*** Opening Information supplied ***
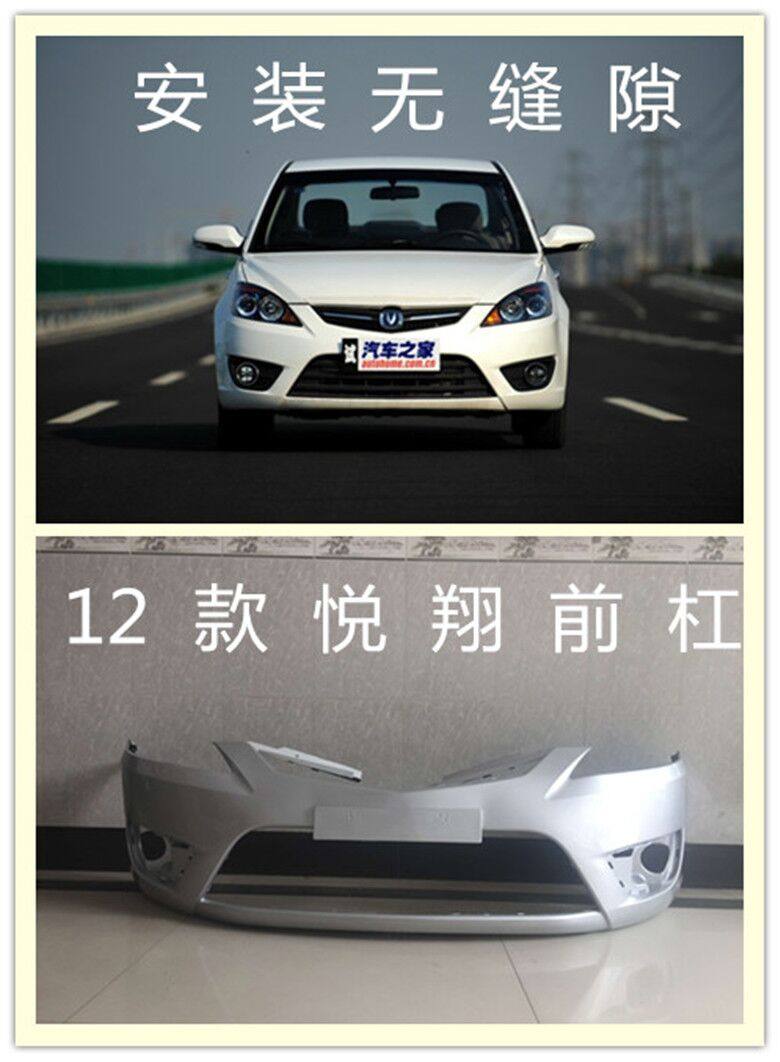 Suitable for the front and rear bumper 12 of the front and rear guard bar of the front and rear bumper of the insurance lever before and after Chang'an Yuxiang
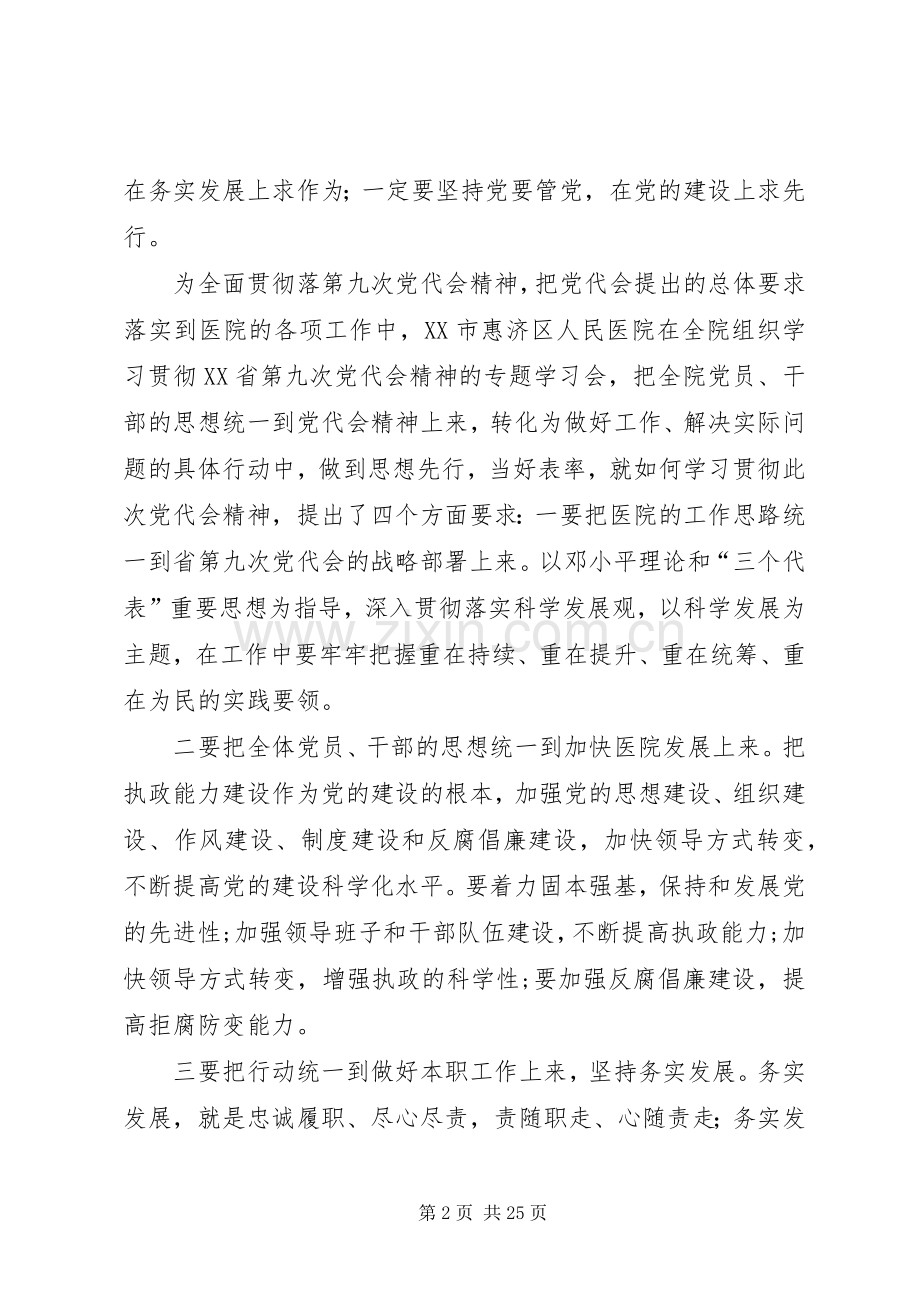 XX省第九次党代会学习心得.docx_第2页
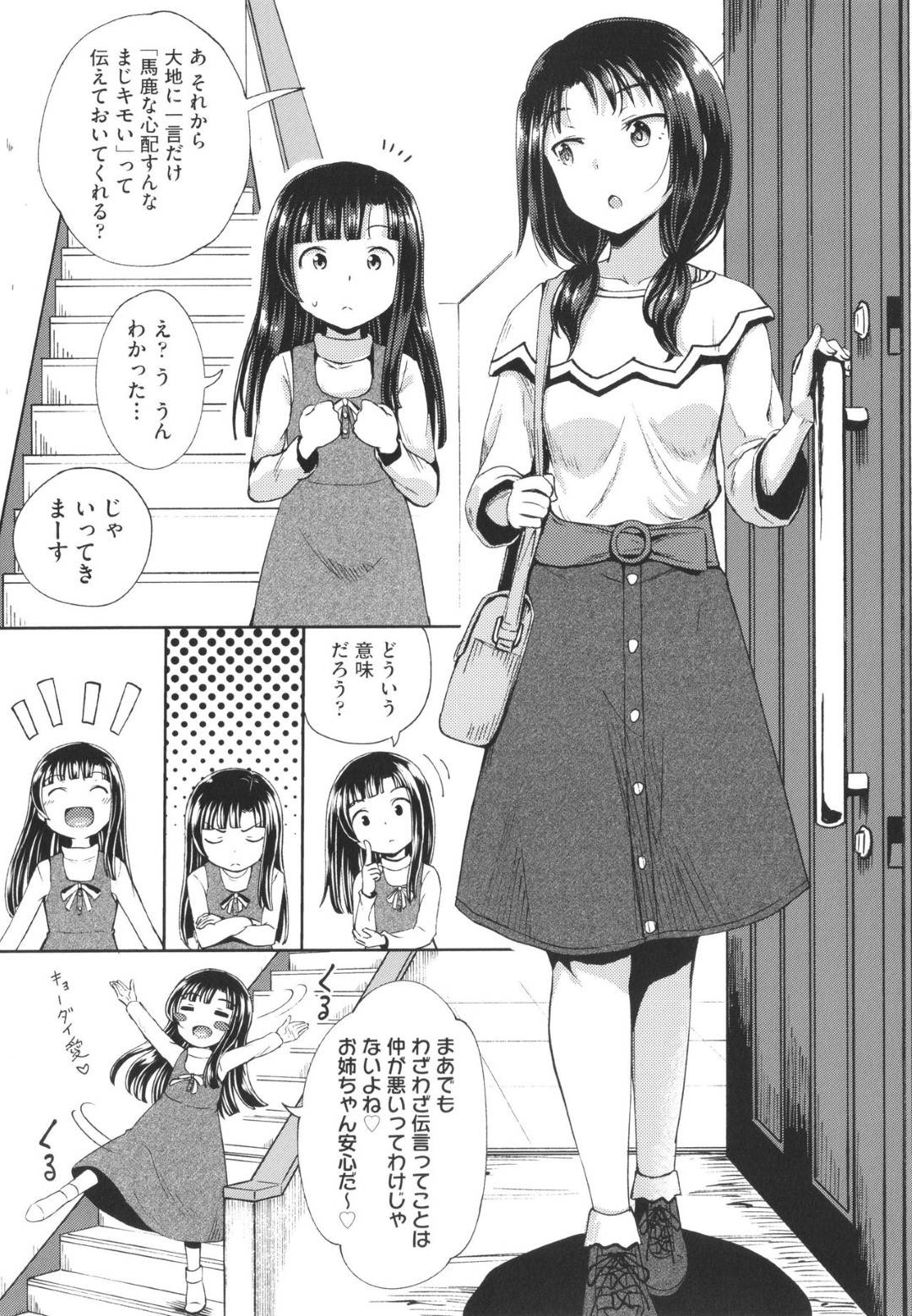 弟と一緒に催淫アプリで自撮りを撮って発情してしまった美少女姉…お互い興奮して素股を始めてしまい、陰部を擦り合ってザーメンぶっかけフィニッシュ【ぽんこっちゃん：仲良しアプリ２】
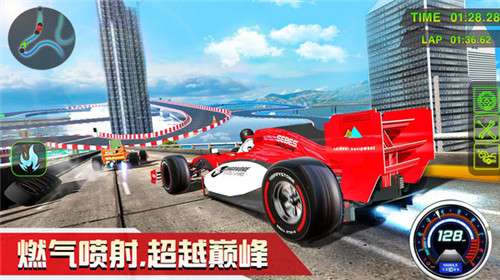 不可能的赛车手图1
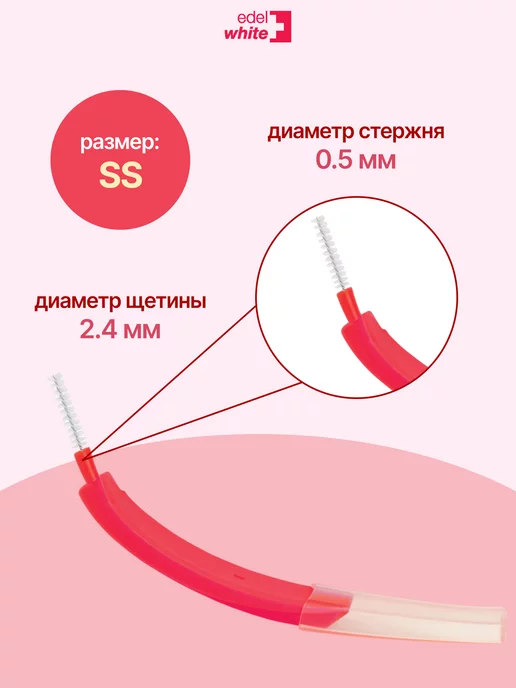 edel+white Межзубные ершики размер SS 0.5 мм, 6 шт, 6 шт, фото 3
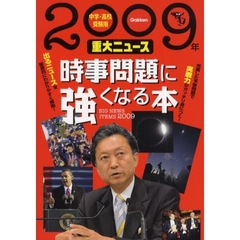 時事問題に強くなる本　中学・高校受験用　２００９年重大ニュース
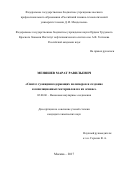 Меняшев Марат Равильевич. Синтез гуанидинсодержащих полимеров и создание композиционных материалов на их основе: дис. кандидат наук: 02.00.06 - Высокомолекулярные соединения. ФГБУН Ордена Трудового Красного Знамени Институт нефтехимического синтеза им. А.В. Топчиева Российской академии наук. 2017. 159 с.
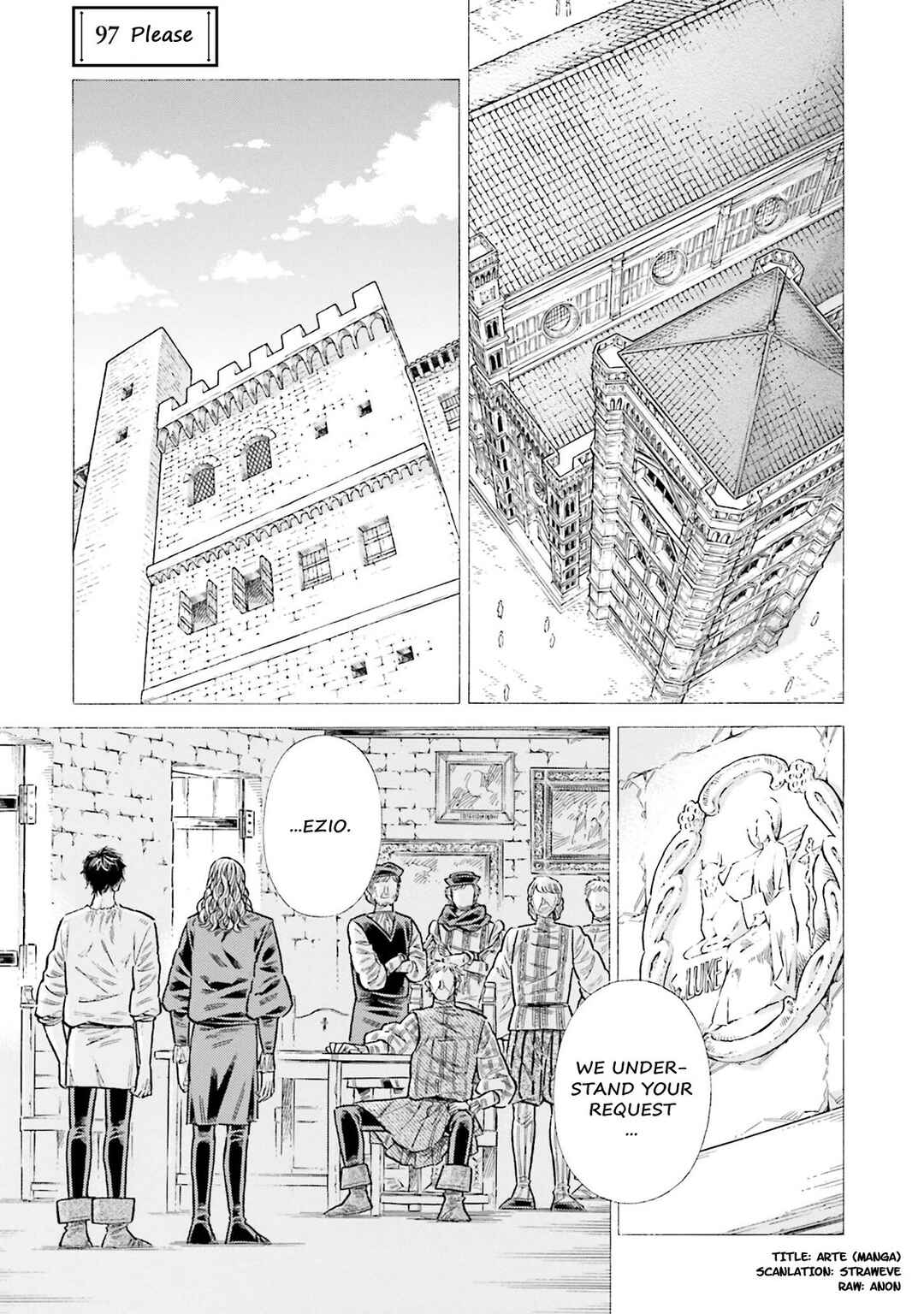 Arte Chapter 97 - Page 1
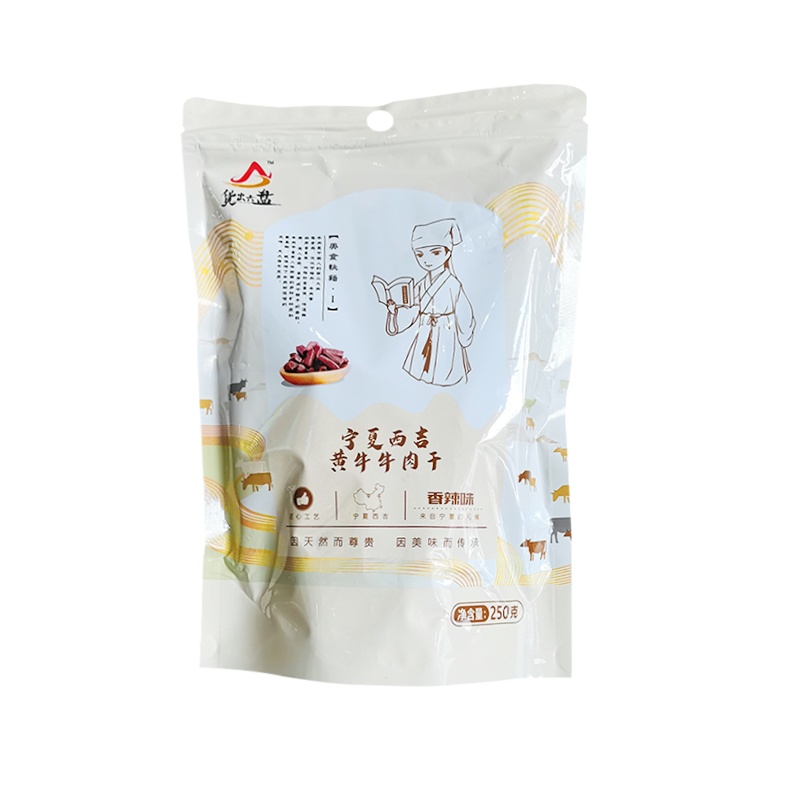 货出六盘 手撕风干黄牛牛肉干250g休闲零食真空独立香辣小吃零食特产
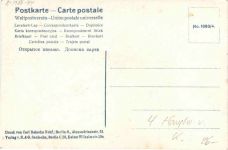 Voigt - Der Hauptmann von Cöpenick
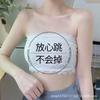Encaje Espalda Hermosa de Una Sola Palabra Envoltorio Pecho Tela Estudiante Niña Sin Aro de Acero Base Deportiva Delgada Ropa Interior Tubo para Mujer Transfronterizo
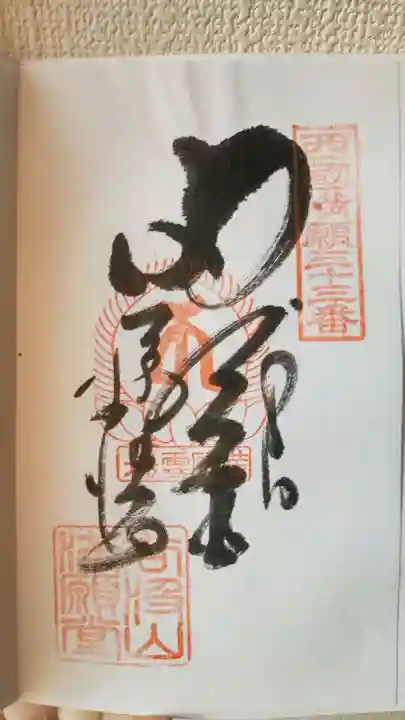 華厳寺の御朱印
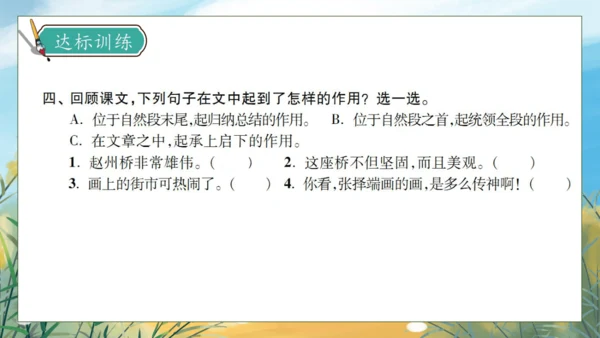 【核心素养】部编版语文三年级下册-语文园地三（课件）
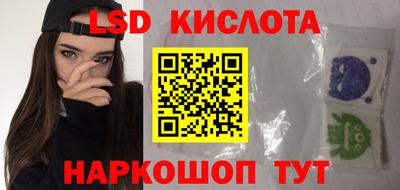 ГАЛЛЮЦИНОГЕННЫЕ ГРИБЫ Донской
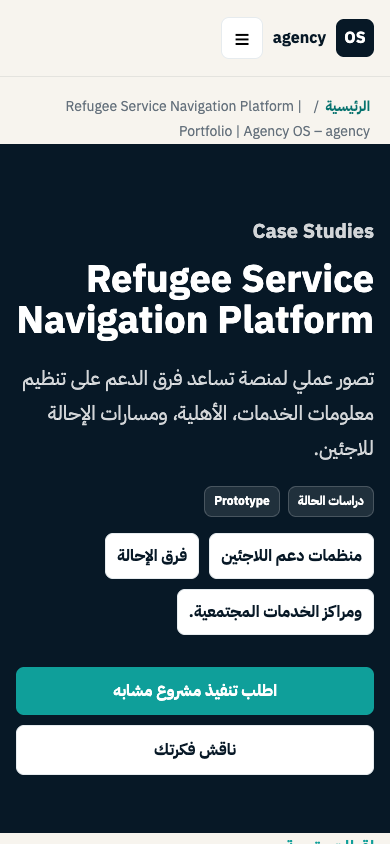 Refugee Service Navigation Platform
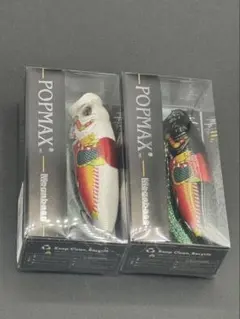 2026年最新】POP MAX 干支の人気アイテム - メルカリ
*** Closing Information supplied ***
Task prompt: Reproduce each entry word for word and cut the images.

Answer section:
 Suitable for the front and rear bumper 12 of the front and rear guard bar of the front and rear bumper of the insurance lever before and after Chang'an Yuxiang
 XX省第九次党代会学习心得.docx_第2页
 弟と一緒に催淫アプリで自撮りを撮って発情してしまった美少女姉…お互い興奮して素股を始めてしまい、陰部を擦り合ってザーメンぶっかけフィニッシュ【ぽんこっちゃん：仲良しアプリ２】
 不可能的赛车手图1
 edel+white Межзубные ершики размер SS 0.5 мм, 6 шт, 6 шт, фото 3
 時事問題に強くなる本　中学・高校受験用　２００９年重大ニュース
 Меняшев Марат Равильевич. Синтез гуанидинсодержащих полимеров и создание композиционных материалов на их основе: дис. кандидат наук: 02.00.06 - Высокомолекулярные соединения. ФГБУН Ордена Трудового Красного Знамени Институт нефтехимического синтеза им. А.В. Топчиева Российской академии наук. 2017. 159 с.
 Arte Chapter 97 - Page 1
 货出六盘 手撕风干黄牛牛肉干250g休闲零食真空独立香辣小吃零食特产
 Voigt - Der Hauptmann von Cöpenick
Encaje Espalda Hermosa de Una Sola Palabra Envoltorio Pecho Tela Estudiante Niña Sin Aro de Acero Base Deportiva Delgada Ropa Interior Tubo para Mujer Transfronterizo
 華厳寺の御朱印
 【核心素养】部编版语文三年级下册-语文园地三（课件）
 ГАЛЛЮЦИНОГЕННЫЕ ГРИБЫ Донской
 Refugee Service Navigation Platform
 2026年最新】POP MAX 干支の人気アイテム - メルカリ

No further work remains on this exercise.